A brickfilm is a film made using Lego bricks, or other similar plastic construction toys. They are usually created using stop motion animation, computer-generated imagery (CGI) or traditional animation and sometimes include live action films featuring plastic construction toys (or representations of them). The term “brick film” was coined by Jason Rowoldt, founder of Brickfilms.com.

History

1970s and 1980s – early brickfilms
The first known brickfilm, , was created in 1973 by Lars C. Hassing and Henrik Hassing. The six-minute video featured both stop motion animation and live action, and was recorded on Super 8 film. It depicted Apollo 17 and was made for their grandparents' golden anniversary. The film was later shown to Godtfred Kirk Christiansen, who had a personal copy made, though the film was not released to the public until May 2013, when the creator uploaded it to YouTube.

Other early brickfilms are known to have been created from 1975 onwards, from the late 1970s to the late 1980s. Many were independent projects while others were promos or advertisements made by LEGO itself.

A well-known early brickfilm was made between 1985 and 1989 in Perth, Western Australia by Lindsay Fleay, named The Magic Portal. It was captured on a Bolex 16mm camera with 16 mm film and features animated LEGO, plasticine, and cardboard characters and objects, mixing both stop motion animation and live action footage, with Fleay making a live action appearance. The Magic Portal had high production values for a brickfilm of its time, with a five-figure budget granted by the Australian Film Commission. However, due to legal issues with The LEGO Group, it did not see a wide release for years. The LEGO Group eventually backed down on these charges.

An early brickfilm to be widely released was a music video for the UK dance act Ethereal for their song Zap on Truelove Records. Produced and released in 1989, the film was shown across the MTV network and other music channels and was the first time a full-length stop-motion brickfilm has been released across public channels. The film again attracted the attention of The LEGO Group's legal department. The film was directed by filmmaker David Betteridge with animation direction handled by Phil Burgess and Art Direction by Daniel Betteridge. The story was an interpretation of scenes from Apocalypse Now adapted to the rave culture of the late eighties, following three heroic LEGO men as they battle and overcome evil. The film's budget was £3,000 GBP, enabling the filmmakers to shoot on 35mm film using a hand-cranked camera built in 1903 and modified with an animation motor. Originally scheduled to take two weekends, the film's production took three and a half months to complete. Promo magazine at the time declared it one of the best music videos ever made.

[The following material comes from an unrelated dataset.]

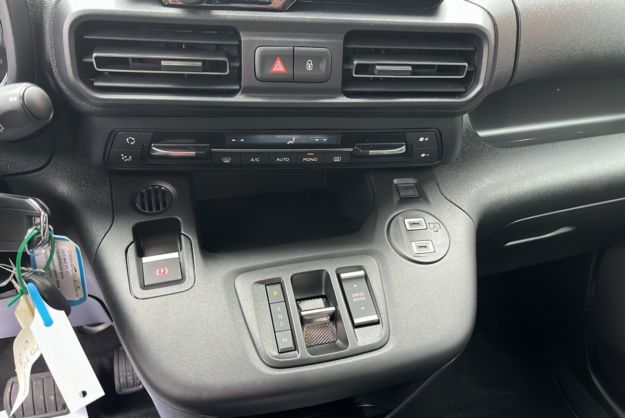 CITROEN BERLINGO BLUEHDI 130 EAT8 MAX 5PL N1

More early brickfilms were produced in the Lego Sport Champions series, officially commissioned by The LEGO Group in 1987. During this time, Dave Lennie and Andrew Boyer started making "Legomation" using a VHS camera and professional video equipment.

1990s
In the late 1990s, the age of film and video brickfilms ended as digital cameras became more and more accessible. Also, the Internet allowed brickfilmers to produce and distribute their work more easily. The founding of Brickfilms.com in 2000 brought together the brickfilming community. The site did not directly host its members' films, but rather allowed members to link to webpages where they could be downloaded or streamed from.

Simultaneously, The LEGO Group officially encouraged the creation of brickfilms with the release of Lego Studios. Since then, The LEGO Group has used brickfilms to help advertise new themes and sets.

These actions both significantly increased brickfilming's popularity through the mid-2000s.

2000s–2020
Throughout the 2000s, brickfilms increased in sophistication and garnered some occasional media attention. Higher-end films would often feature digital effects, created frame-by-frame with image editors or inserted via video compositing software.

The Deluxe Edition DVD of Monty Python and the Holy Grail contained an extra in the form of a brickfilm of the "Camelot Song", produced by Spite Your Face Productions. Since then, several brickfilms have been placed on DVDs along with the films which they emulate, such as when Lego Star Wars: Revenge of the Brick was featured on the second DVD volume of Star Wars: Clone Wars TV series.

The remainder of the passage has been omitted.